How do you finish this?

-Dan

 

[stripedcat]

The x^2 is an integrating factor. So the left hand side is now in a form that you can write:
\(\displaystyle \frac{d}{dx} \left ( x^2 y \right ) = 2x y + x^2 \frac{dy}{dx}\)

Thus your original equation is now
\(\displaystyle \frac{d}{dx} \left ( x^2 y \right ) = x^2 (3x - 5)\)

How do you finish this?

-Dan

Yes, I was just looking at this. I didn't know about making it into d/dx and yanking the y out to multiply by the I factor. Give me a minute and I will edit this post with what I come up with.

EDIT: And here's what I came up with

Integrate both sides will cancel the d/dx.
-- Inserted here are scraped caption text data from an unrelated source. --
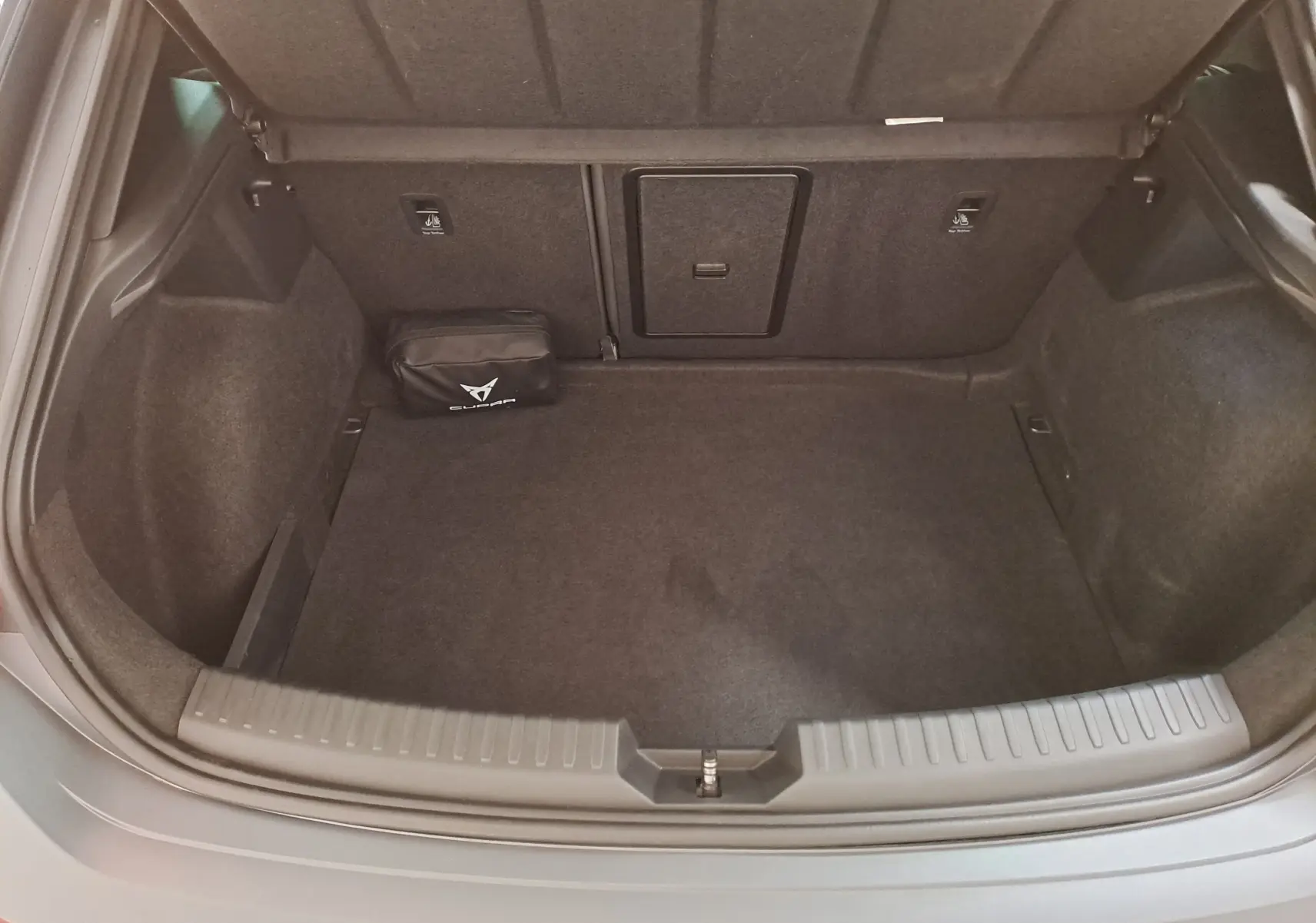 Coffre ouvert vu de dessus d'une CUPRA Leon 2024 gris magnétique mat avec trappe centrale et pochette noire CUPRA.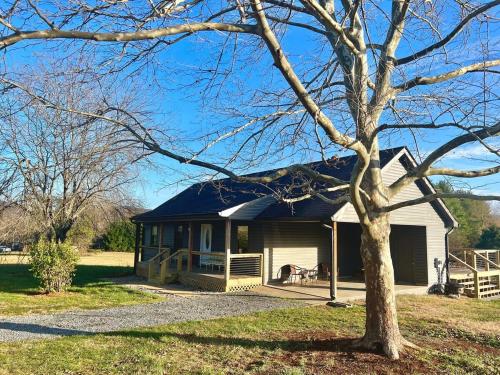 a house with a porch and a tree at Sycamore Shade in Avon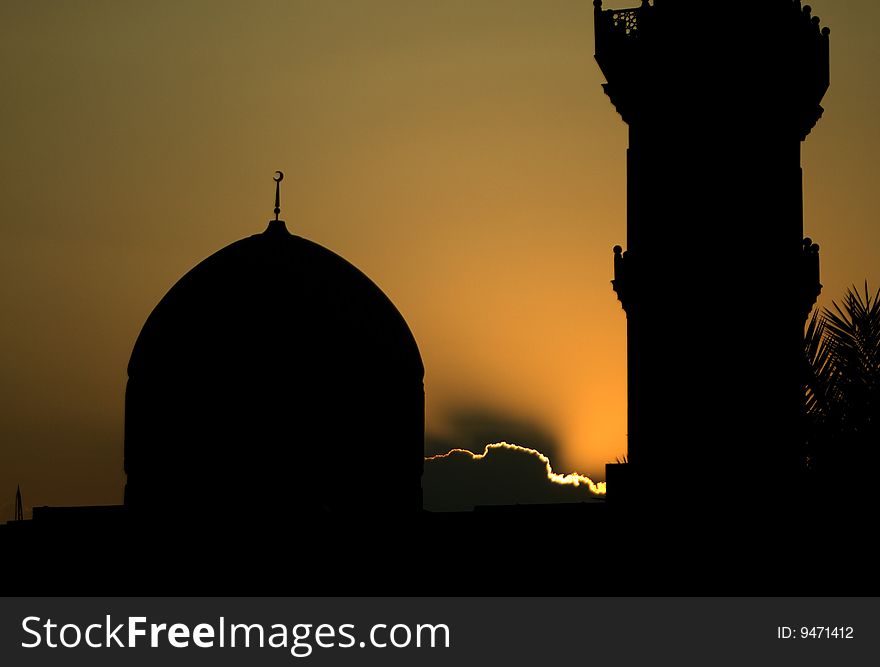 A mosque in downtown Dubai at sunset. A mosque in downtown Dubai at sunset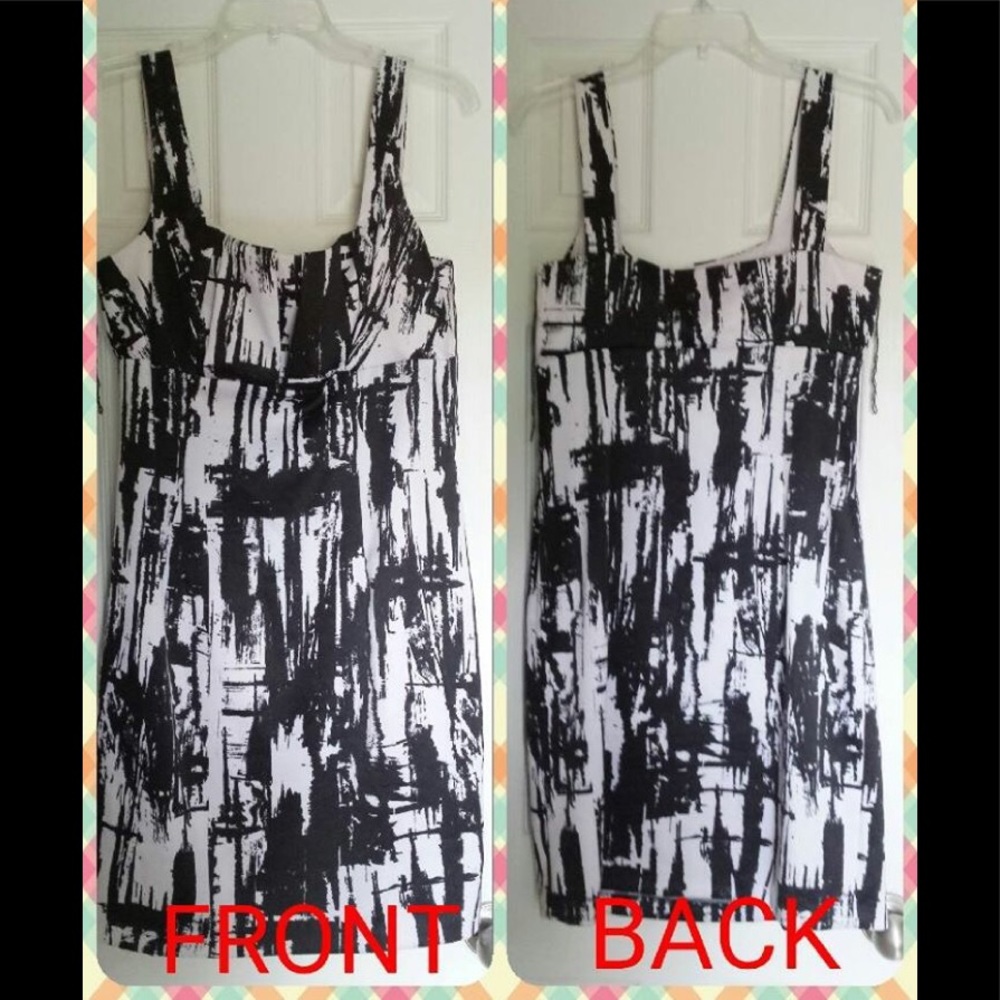 Black and white mini form fitting dress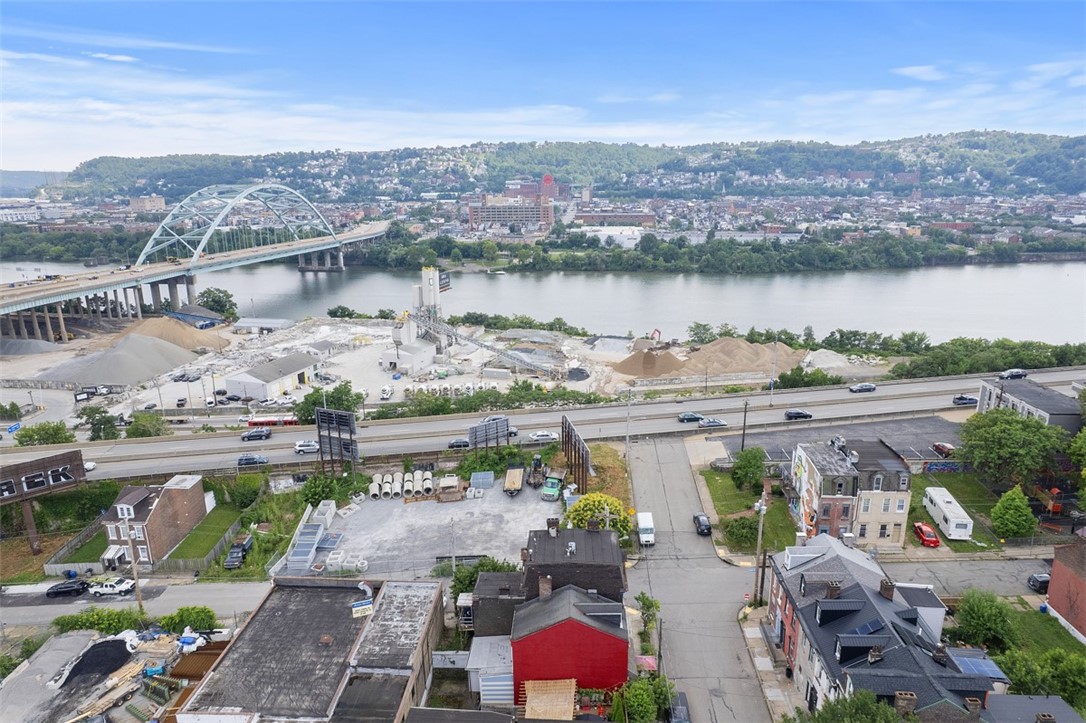 Aerial view of a river, arch bridge, and hillside neighborhood beyond nearby homes and streets.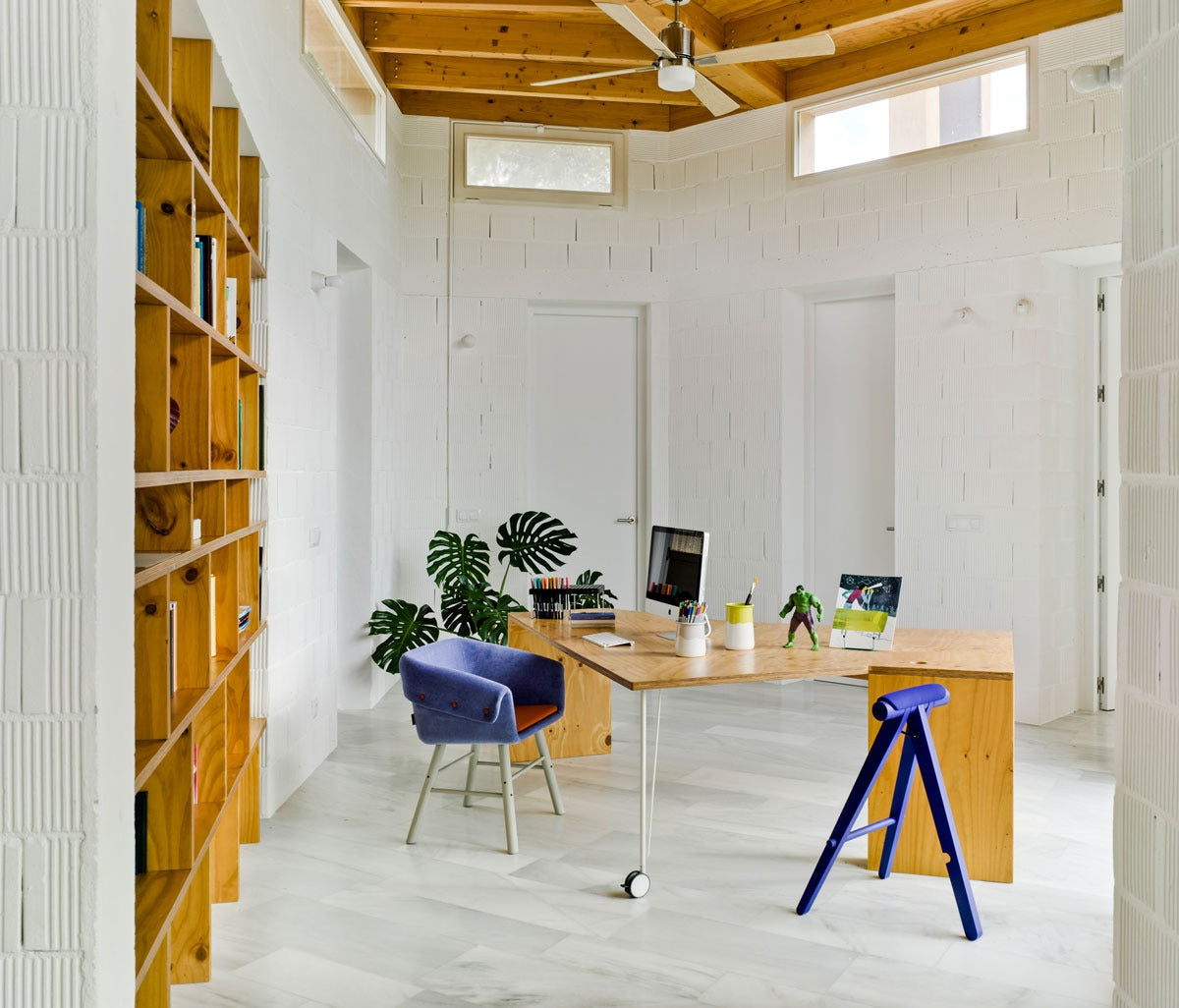 Sancal Collar Stuhl in Blau mit hellen Holzbeinen an einem Schreibtisch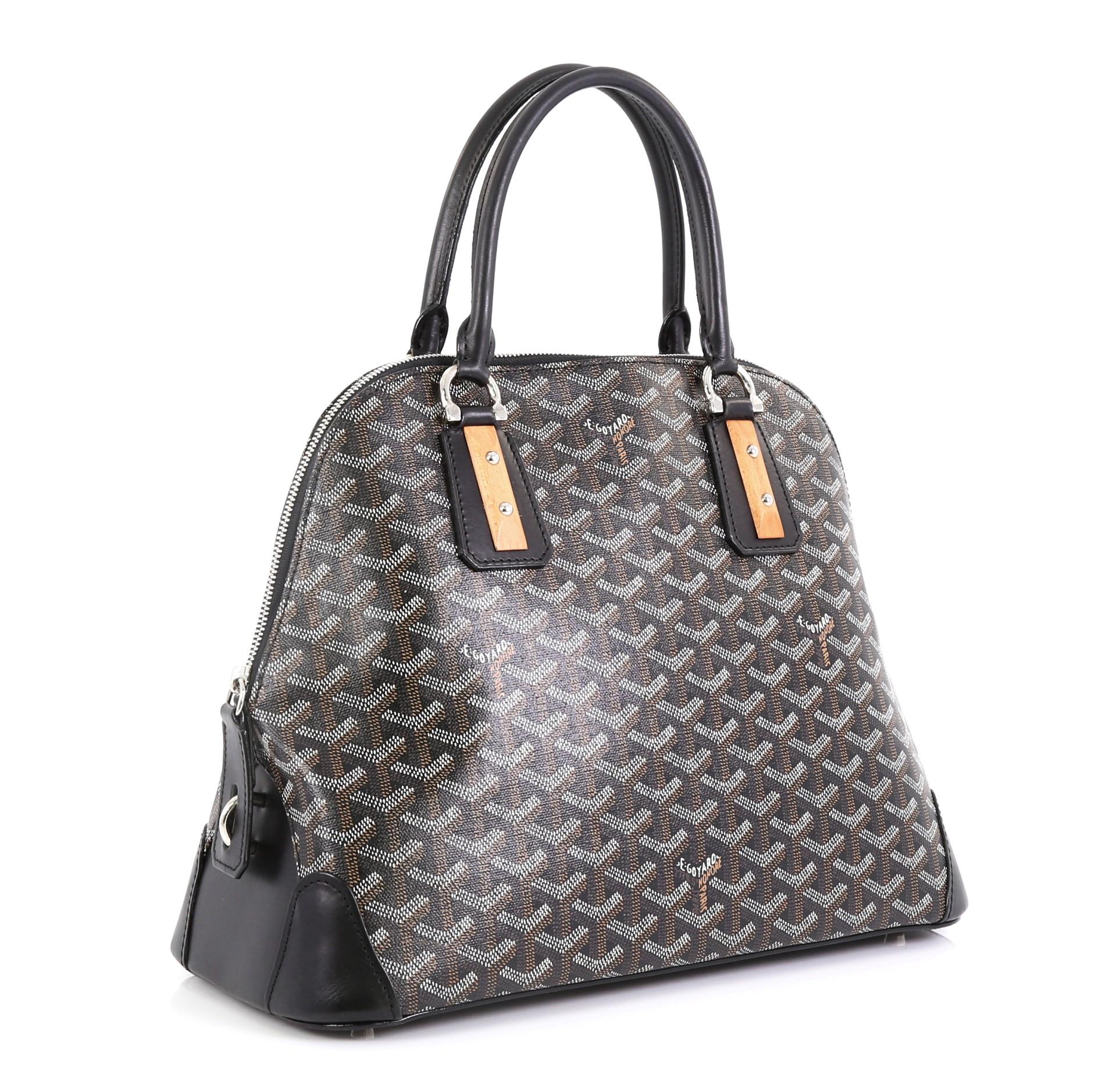 This Goyard Sac Vendome Handbag Coated Canvas PM, crafted from black and brown coated canvas, features dual rolled handles with wooden and stud details, leather trim, protective base studs, and silver-tone hardware. Its zip closure opens to a yellow
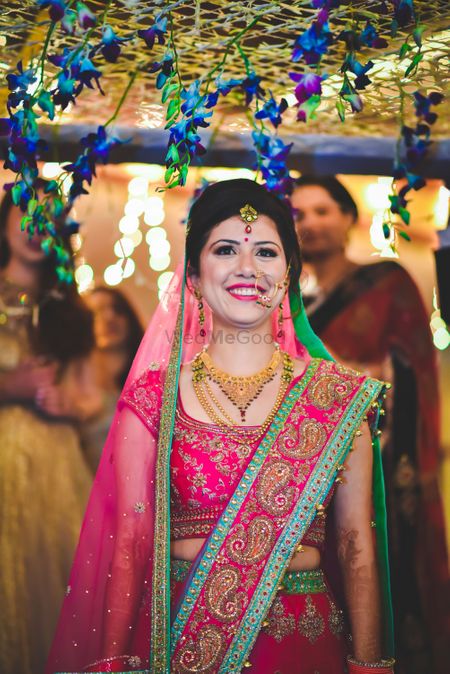 Bride in red lehenga with mint border and gold motifs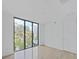 Spacious bedroom with large windows and light wood floors at 3030 W Santiago St # 4, Tampa, FL 33629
\(\displaystyle x^2y=\int 3x^3-5x^2\)

I don't know the command for 'something over something', I was guessing on the integral symbol

\(\displaystyle x^2y=(3x^4/4)-(5x^3/3)+C\)

How's that?

EDIT: Yes I know, it keeps going after that in order to get just the y

 

[Prove It]

\frac{}{} gives the fraction template. You type whatever you want in the numerator in the first set of curly brackets, and whatever you want in the denominator in the second set of curly brackets.

 

[topsquark]

Yes, I was just looking at this. I didn't know about making it into d/dx and yanking the y out to multiply by the I factor. Give me a minute and I will edit this post with what I come up with.

EDIT: And here's what I came up with

Integrate both sides will cancel the d/dx.

\(\displaystyle x^2y=\int 3x^3-5x^2\)

I don't know the command for 'something over something', I was guessing on the integral symbol

\(\displaystyle x^2y=(3x^4/4)-(5x^3/3)+C\)

How's that?

EDIT: Yes I know, it keeps going after that in order to get just the y

Looks good to me. :)

-Dan